Australians like to talk, so do I. But, being British, I use a different language and style. I’m learning to love this country’s way of communicating, as I discover the playful opportunities of difference. Honestly, who can resist fooling folk with a prudish demeanour, before stepping into the outrageous?
Theatre, journalism, conversation, comedy and debate — each method explores our individual quirks. And, because Britain is revered down under, our idiosyncracies are usually considered endearing. I think the same can be said for the Aussie way.
They tell you how it is
Australians are direct. They tell you what they’re thinking, often when you least expect it. Hierarchy doesn’t matter — father-in-law, boss, apprentice — everyone’s up front about what’s going on in their head at that very moment.
This is illustrated perfectly in a common conversation opening. ‘Look…’ people will say, as a means of introducing their line of thought.
To begin with I didn’t get this. In the UK it’s condescending to open a conversation with ‘Look’. People do it to patronise and lead a conversation. For Australians it simply means, ‘Listen, I have something to say’.
They want that good feeling
An Australian struggles to start or end a conversation quickly. They’re keen to warm you up, make you feel at ease, and finish on a positive. You walk into a cafe, shop or office and the first thing somebody will say is ‘How are you?’.
Feel-good phrases crop up often in conversation, ’How good is this coffee?’ or ‘Good on you’. And when you’ve agreed on something, like a day to meet or the milk you want to buy, they’ll say ‘Too easy’, with a smile.
They look for humour
Irreverence is littered throughout Australian language. The places I’m most surprised to come across this is in communications from the police or listening to ABC, the national broadcasting corporation. These are institutions I’ve always known to use formal language.
A recent police campaign led with, ‘Blitz On Seat Belts!’ Well, it’s honest. But I’m not sure about the likelihood of long-term behaviour change.
I was watching a piece of political commentary about gender the other morning, on the breakfast news. One guest referred to a group of women as a ‘bunch of nuns’. I held my breath and waited for the recoil. Instead friendly banter ensued, with laughter about the likelihood Australia will have a permanent-enough government for real change. This was spoken kindly, as a way of bringing people together and avoiding ending the discussion with conflict.
They’re harmlessly derogatory
It takes some getting used to, but Australians affectionately call themselves an ocka, bogan or wog – simultaneously derogatory and affectionate terms for describing a person’s traits. It wouldn’t be appropriate to call somebody else one of these, but folk from down under have an innate knack for laughing at themselves.

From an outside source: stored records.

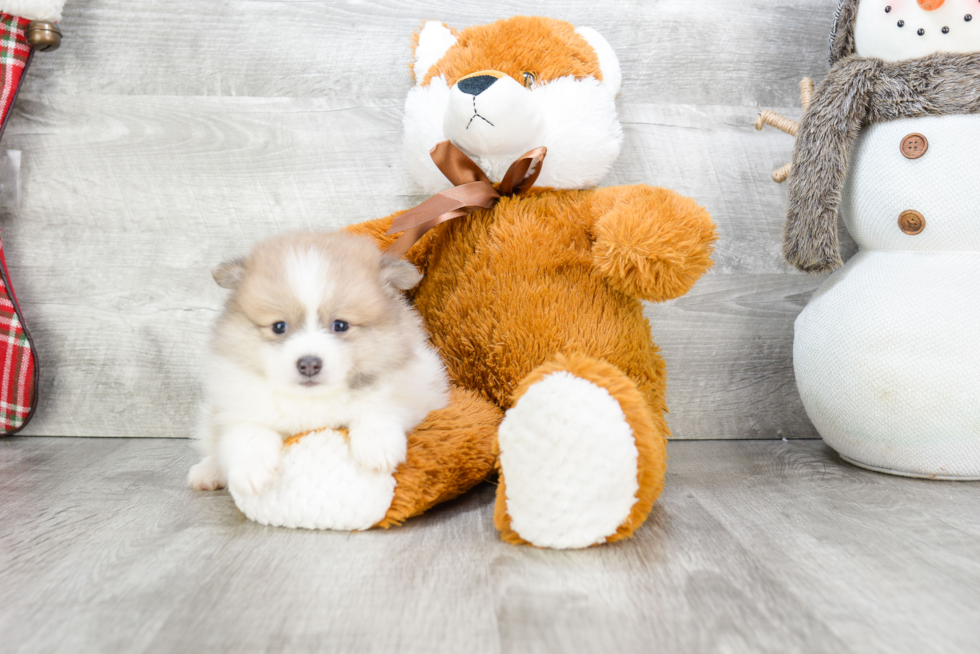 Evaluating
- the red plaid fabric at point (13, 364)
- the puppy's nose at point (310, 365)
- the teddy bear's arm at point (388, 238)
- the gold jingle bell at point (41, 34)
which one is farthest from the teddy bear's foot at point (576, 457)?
the gold jingle bell at point (41, 34)

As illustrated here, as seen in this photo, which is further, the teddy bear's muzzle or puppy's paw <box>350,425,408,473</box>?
the teddy bear's muzzle

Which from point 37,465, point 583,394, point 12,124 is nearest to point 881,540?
point 583,394

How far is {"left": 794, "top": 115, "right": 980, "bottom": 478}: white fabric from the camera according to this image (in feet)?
3.69

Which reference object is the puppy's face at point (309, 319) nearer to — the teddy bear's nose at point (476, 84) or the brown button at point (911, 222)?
the teddy bear's nose at point (476, 84)

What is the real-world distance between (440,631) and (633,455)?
1.02ft

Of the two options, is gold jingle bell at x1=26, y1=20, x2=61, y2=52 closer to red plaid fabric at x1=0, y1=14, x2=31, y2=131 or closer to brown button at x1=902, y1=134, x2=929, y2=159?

Why say the whole word when you can get away with half?
Let’s spend Chrissie on the beach with Ando and fam. I’ll wear the bathers I picked up at Salvos, we can fire up the barbie and make chook and avo sangas.
They value closeness
As soon as your name is tweaked, you’re in. Jimmy, Matty, Timmy, Pippo.
Damn, should have put that on my immigration documents. Would have made things easier.
In my experience, Australians are authentic. They rarely lie.
Brits call young round vegetables petit pois. The Aussies call them baby peas.
Brits pronounce ‘Route’ and ‘Elgin’ in a peculiar way. Aussies say them how language dictates — Rowt and El–gin.
Brits find subjects like money and political allegiance difficult to talk about. Australians share how much they earn, pay for their mortgage and which way they vote unreservedly.
There’s one expression that, for me, sums up all of the above. It’s honest, humorous, harmless, truthful, endearing, and it makes me smile — ‘He’s got kangaroos loose in the top paddock’. I don’t believe it gets better than that.